/slik

Slurm in Kubernetes

Primary LanguageGoApache License 2.0Apache-2.0

SLiK (SLurm in Kubernetes)

Overview

An operator to deploy slurm in kubernetes.

Note: This project has been renamed from slinkee to slik; this was due to a name conflict.

Requirements

  • Kubernetes v1.28+ with Sidecarcontainers feature gate enabled( Enabled by default in v1.29 )

Usage

Everything is public, including the slurm images. You do not need any auth or secret sauce to use this. If you intend to use in a different cloud platform you may need to make tweaks to the mariadb statefulset. If you intend to deploy slurm on arm you'll need to build arm images.

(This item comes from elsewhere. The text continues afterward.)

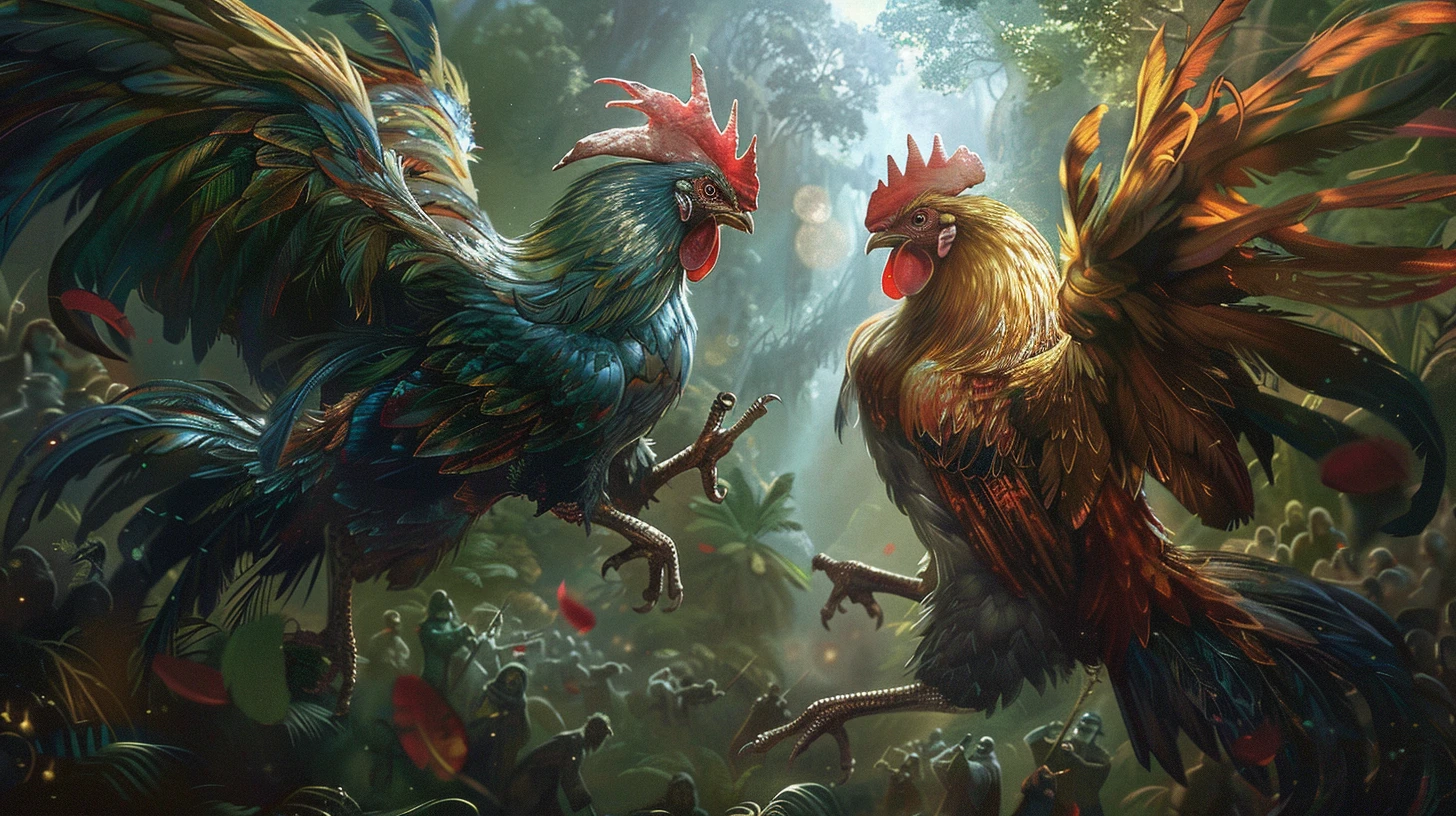 Khám Phá King88: Nền Tảng Xổ Số An Toàn và Đáng Tin Cậy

You can deploy slik into your kubernetes cluster simply with: helm install -f helm/slik/values.yaml slik ./helm/slik/

You can then deploy a slurm cluster with one of the samples: kubectl apply -f payloads/simple.yaml

If you deploy "full" slurm cluster (with database) it can take awhile to initialize MariaDB.

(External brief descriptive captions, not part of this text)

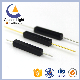  Factory Direct Plastic Reed Switch Magnetic Door Contact Sensor at Competitive Prices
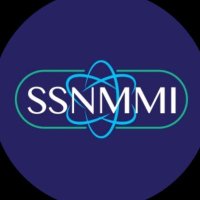 الجمعية السعودية للطب النووي والتصوير الجزيئي (@ssnmmiorg) 's Twitter Profile Photo الجمعية السعودية للطب النووي والتصوير الجزيئي (@ssnmmiorg) 's Twitter Profile Photo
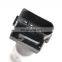 for spark plug auto engine parts 022905715C 022905715 022905100A For V W Golf Jett a 2.8L V6 coil ignition packs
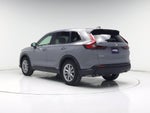 2023 CR-V Thumbnail 2
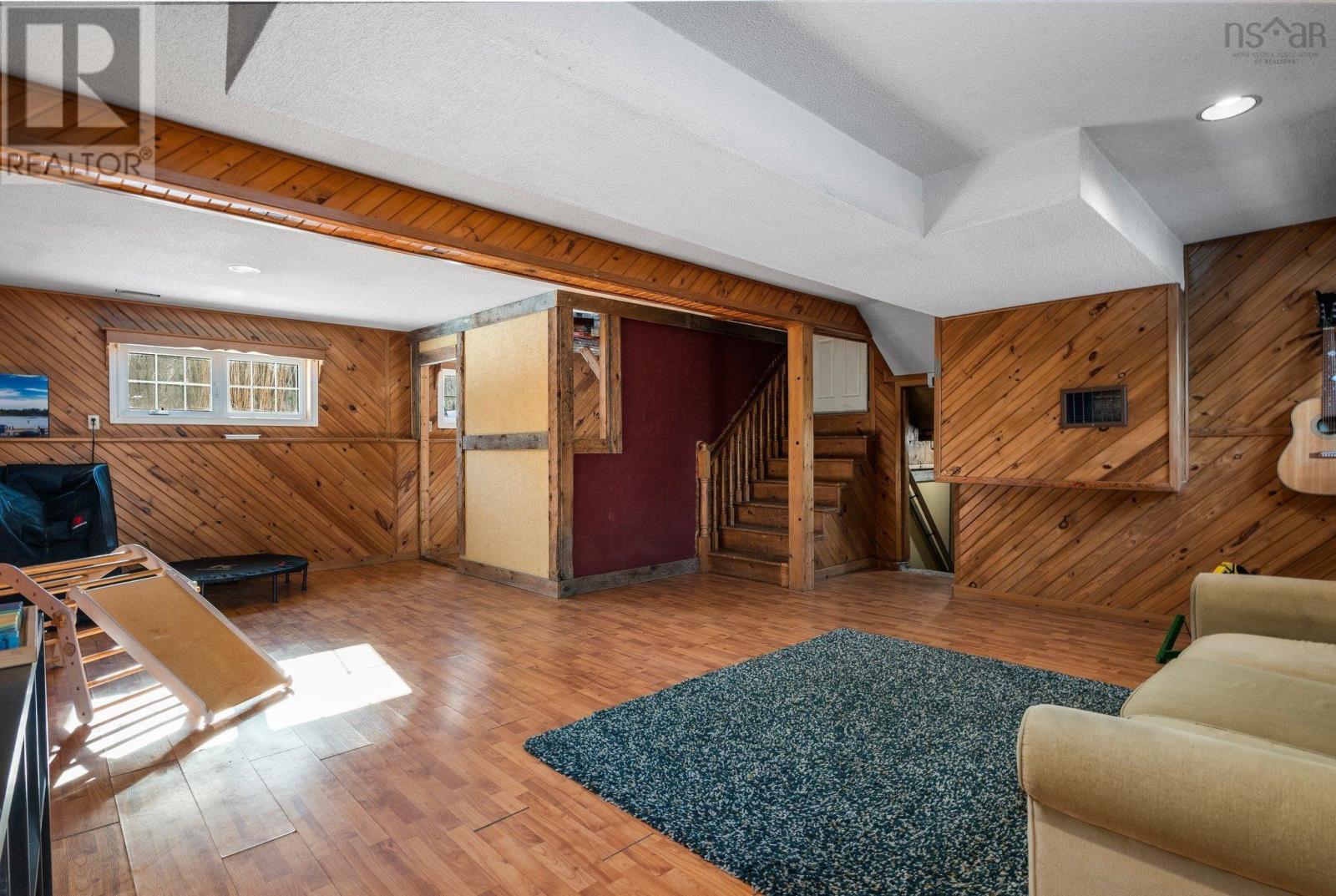 100 Old Northwest Road, Fauxburg, Nova Scotia  B0J 2C0 - Photo 34 - 202503095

You then interact with the slurm cluster through the toolbox pod: kubectl exec --it toolbox -- bash

Sample yaml:

apiVersion: "hpc.vultr.com/v1"
kind: Slik
metadata:
  name: full
spec:
  namespace: default
  slurmdbd: true
  slurmrestd: true
  mariadb:
    storage_size: 50G
    storage_class: vultr-block-storage-hdd-retain

Update operations are not currently supported, you should rebuild the cluster instead. Delete the slurm deployment, then re-create it. If you use a PVC that is retained you should not lose any data.

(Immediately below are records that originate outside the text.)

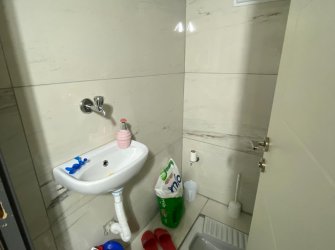 ORHANGAZİ MH.BAHÇELİ SATILIK 3+1 DAİRE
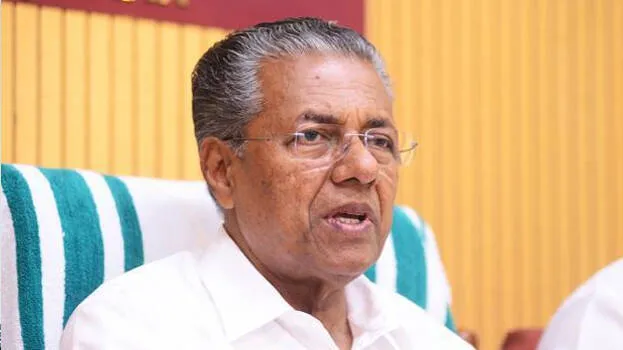 cm-pinarayi-vijayan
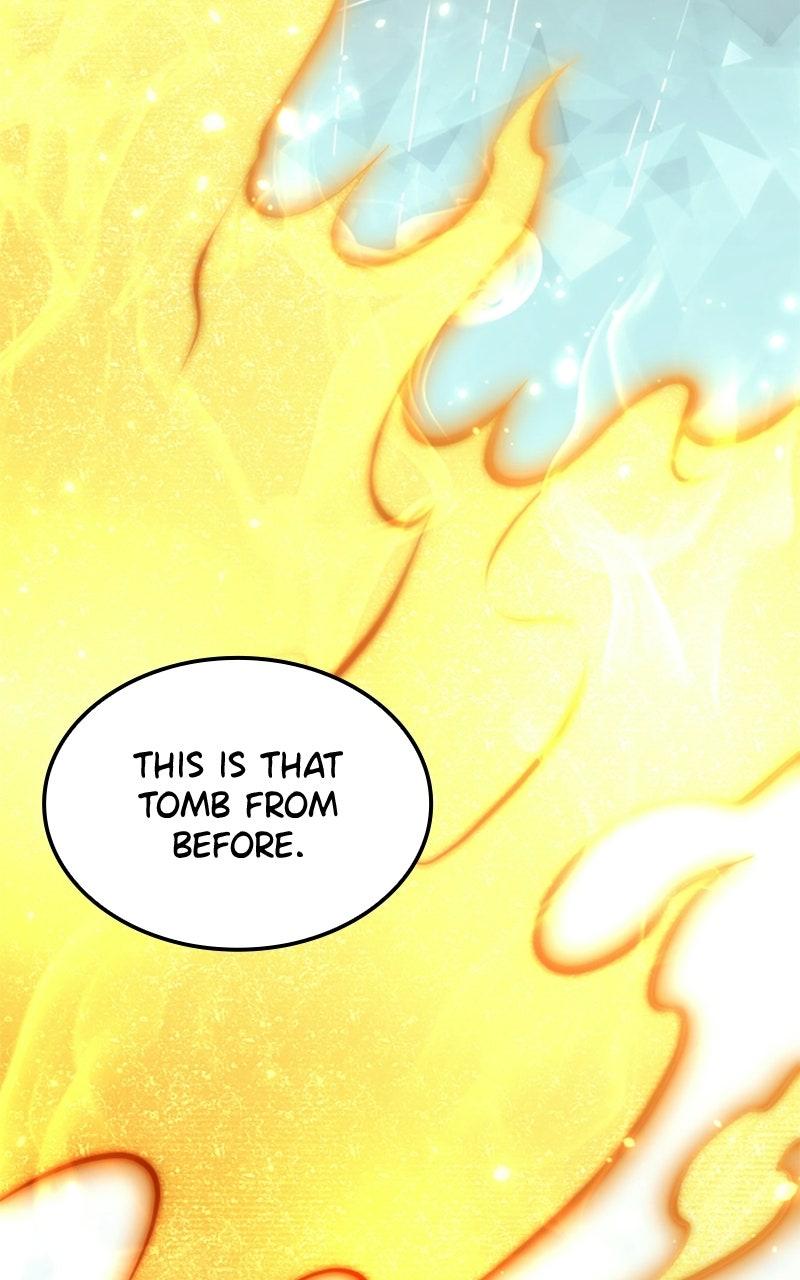 Assassin's Creed: Forgotten Temple Chap 139 - Next Chap 140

You can list the slurm clusters: kubectl get sliks

You can delete slurm clusters: kubectl delete slik <name>

If you need to troubleshoot, check the logs for the operator: kubectl logs slik-operator...

Contribution(s)

Please send any PRs for contributions/suggestions.

Architecture

Below are some details on the architecture:

  • slurmabler: Used to label the nodes in kubernetes so that it's easier to generate the slurm.conf. This provides a guarantee that the generated configuration will work as it extracts slurmd -C and attaches the fields as labels. Deployed as DaemonSet.
  • munged: Key is generated with HKDF in Go, then injected into all slurm services as a sidecar. Required for auth and doing anything in the cluster.
  • slurmctld: Primary service that is interacted with.
  • slurmd: Gets deployed as a Deployment per node. DaemonSet was not sufficient. A new type would be necessary that is between Deployment/DaemonSet. This is something that can be done with future work.
  • slurmdbd: Job accounting history, uses MariaDB as the backend.
  • slurmrestd: Deployed but has not been tested.

All the images are Ubuntu images using the Canonical built slurm.

You'll see various Services as well as various ConfigMaps. The ConfigMaps use Go's templating system to generate some config. The Services tie back all of the slurm services so that they can work properly.